Effect of 2,4-disubstituted thiazol-5yl-aminoketones on inflammation. In vitro and in vivo biological studies: a structure-activity approach.

Some modified novel thiazol-5yl-aminoketones were evaluated for their anti-inflammatory, analgesic and antiproteolytic activities. Their inhibitory activity on 12-lipoxygenase (12-LO) and beta-glucuronidase in vitro was estimated. Their interaction with the stable free radical 1,1-diphenyl-2-picrylhydrazyl (DPPH) and their RM values were also determined. For two of them, the effect on zoxazolamine-induced paralysis after a prolonged treatment was determined. The duration of paralysis for the same compounds, (only one administration, one before zoxazolamine injection) was recorded too. The 2-amino substituted derivatives seem to be more potent in comparison with the 2-phenyl. The tested compounds were found to influence proteolysis but not the activities at beta-glucuronidase and 12-LO. Their interaction with DPPH was mild. Compound 2 seems to modify the activity of the hepatic drug metabolizing enzymes. In conclusion, their activity is related to certain structural characteristics.

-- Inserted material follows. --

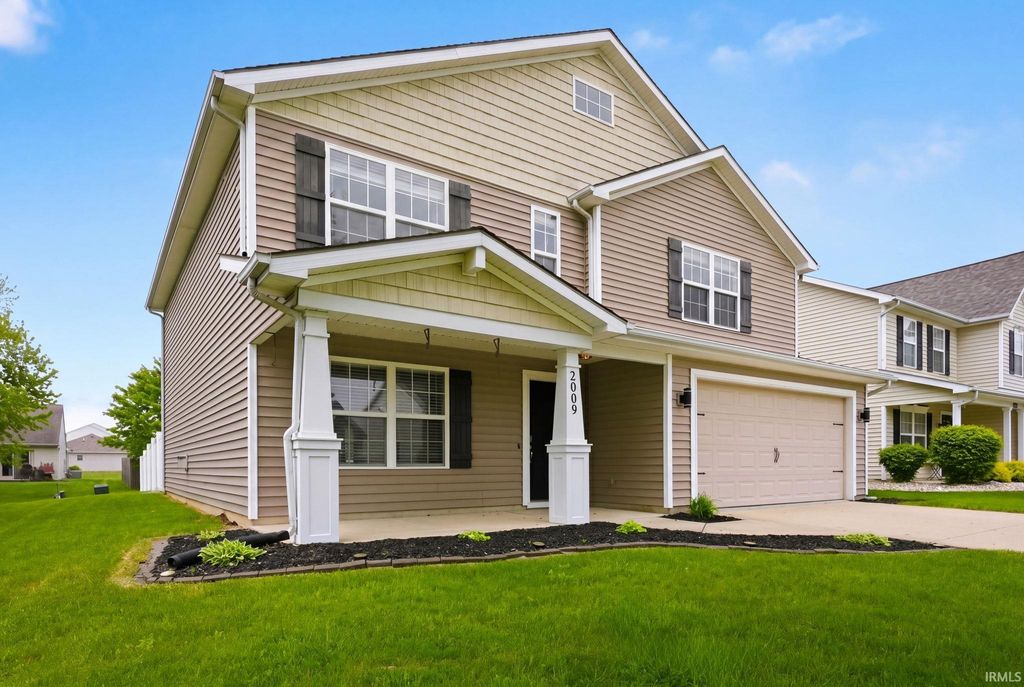 Photo of 2009 Black Bear Drive, Fort Wayne, IN 46808 (MLS # 202617350)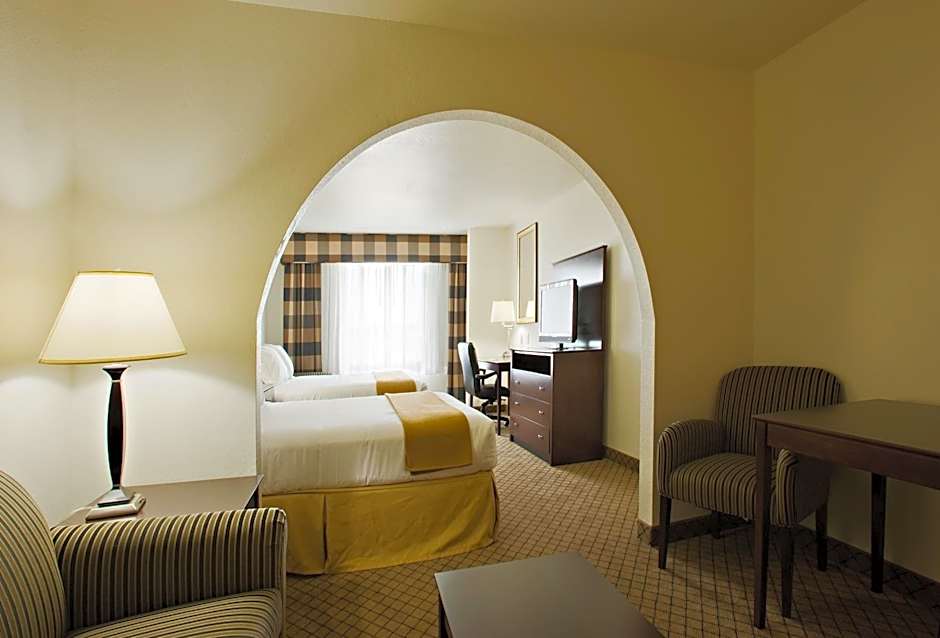 Holiday Inn Express Childress By IHG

AuthorsD J Hadjipavlou-Litina, A A Geronikaki
JournalResearch communications in molecular pathology and pharmacology (Res Commun Mol Pathol Pharmacol) Vol. 96 Issue 3 Pg. 307-18 (Jun 1997) ISSN: 1078-0297 [Print] UNITED STATES
PMID9261890 (Publication Type: Journal Article)
Chemical References
  • Analgesics
  • Anti-Inflammatory Agents, Non-Steroidal
  • Enzyme Inhibitors
  • Ketones
  • Lipoxygenase Inhibitors
  • Zoxazolamine
  • Glucuronidase
  • Analgesics (pharmacology)
  • Animals
  • Anti-Inflammatory Agents, Non-Steroidal (pharmacology)
  • Drug Synergism
  • Enzyme Inhibitors (pharmacology)
  • Female
  • Glucuronidase (antagonists & inhibitors)
  • Ketones (chemistry, pharmacology)
  • Lethal Dose 50
  • Lipoxygenase Inhibitors
  • Male
  • Mice
  • Mice, Inbred AKR
  • Microsomes, Liver (drug effects, enzymology)
  • Rats
  • Rats, Wistar
  • Structure-Activity Relationship
  • Zoxazolamine (metabolism, pharmacology)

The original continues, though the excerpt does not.